> **EXTRACTED RECORDS**
BEGIN
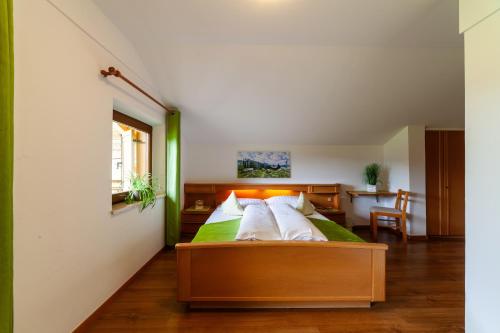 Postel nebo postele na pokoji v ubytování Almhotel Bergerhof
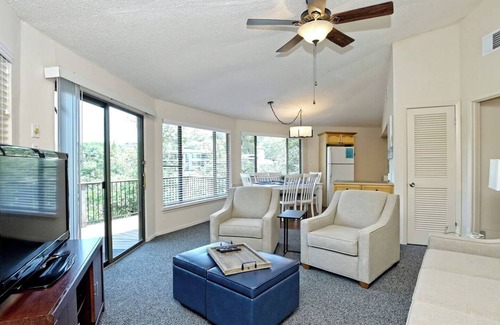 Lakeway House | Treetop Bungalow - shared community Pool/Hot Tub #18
END
BEGIN
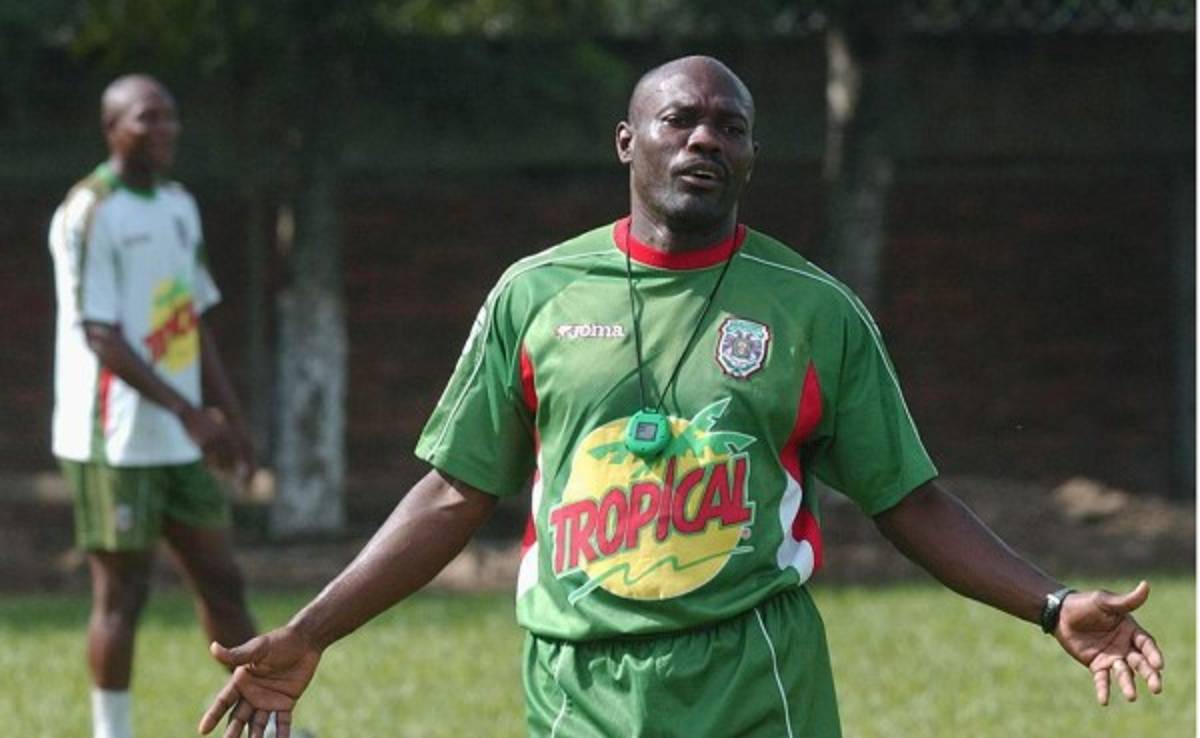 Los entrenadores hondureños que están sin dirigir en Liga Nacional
END
> **TASK TO COMPLETE**
Every line above in the stretch from the one with "Postel nebo postele" through the one with "Lakeway House |" is to be transcribed exactly, ends included. No picture is copied.

> **REPLY**
 Postel nebo postele na pokoji v ubytování Almhotel Bergerhof
 Lakeway House | Treetop Bungalow - shared community Pool/Hot Tub #18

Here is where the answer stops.